Baroness Elsa von Freytag-Loringhoven and Morton Schamberg’s assisted readymade God was made by fitting a plumbing trap to a miter box. Separately, each object had a useful function. The water in the U-bend of a plumbing trap prevents sewer gas from seeping into the house, and a miter box helps guide a carpenter’s saw to make perfect right-angle or 45-degree cuts. Putting them together makes both dysfunctional, and the title God adds a note of sacrilege to further shock the middle-class public that might encounter the object in an art gallery.
For a Dadaist, the fact that such found objects violate expectations for what art “should” be is part of their program of undermining social conventions. Indeed, the revered status of art and related concepts such as “creativity” and “originality” makes them an obvious target for a movement devoted to iconoclasm. In some cases the assault on art itself was direct.
The first “pure” readymade — unmodified and not combined with another object — was a bottle rack that was so obviously inartistic it was discarded by Duchamp’s family after the artist left France at the beginning of World War I. An unknown inscription on the original work may have helped guide interpretations, but Duchamp himself could not remember it in later years.

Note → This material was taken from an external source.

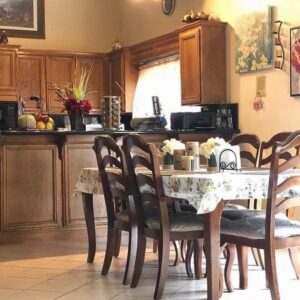 select-senior-care-llc-1-dining-room.jpg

The underlying idea may have been a pun based on the French name of the object, égouttoir. The root word “goutte,” meaning drop (as in drop of water) suggests its function to drain the water out of bottles placed upside-down on its spikes. But Duchamp, who loved wordplay, may have also seen a pun on the word “goût” (taste), which in French as in English has aesthetic as well as culinary significance. Duchamp insisted that readymades be selected “based on a reaction of visual indifference, with at the same time a total absence of good or bad taste.” Indeed, the object is inartistic, anesthetic, tasteless — and placed in the center of an art gallery, the égouttoir could, by association, drain the taste from all the surrounding artworks.
Another example of Duchamp’s deliberately anti-art readymades is a postcard reproducing one of the world’s most famous and revered works of art, Leonardo’s Mona Lisa, adorned with a mustache and goatee. Not only did Duchamp deface what is commonly regarded as a work of transcendent technical skill with a bit of crude graffiti, he violated gender norms as well by adding facial hair to a woman’s portrait. Beneath the image is more Duchampian wordplay: the initials L.H.O.O.Q., which read aloud in French sounds like “Elle a chaud au cul” — “she’s got a hot ass.”
From readymades to assemblages and conceptual art
Duchamp recognized that the power of readymades would diminish with proliferation, so he made only thirteen. The technique of creating art by carefully selecting and combining already-made objects has, however, proven enormously fruitful for other artists. Sculptures based on found objects have flourished since the “neo-Dada” assemblages of Robert Rauschenberg in the late 1950s. And although readymades remain controversial for many members of the general public, it is undoubtedly true that the contemporary art world now values artists’ concepts much more highly than their technical skills, just as Duchamp hoped.
- Marcel Duchamp, interview with James Johnson Sweeney, The Bulletin of the Museum of Modern Art, vol. XIII, no. 4-5 (1946), in Michel Sanouillet and Elmer Peterson, eds., The Writings of Marcel Duchamp (Oxford, 1973), p. 126.
- Duchamp, “Apropos of ‘Readymades’,” talk delivered in 1961 at the Museum of Modern Art, in The Writings of Marcel Duchamp, p. 141.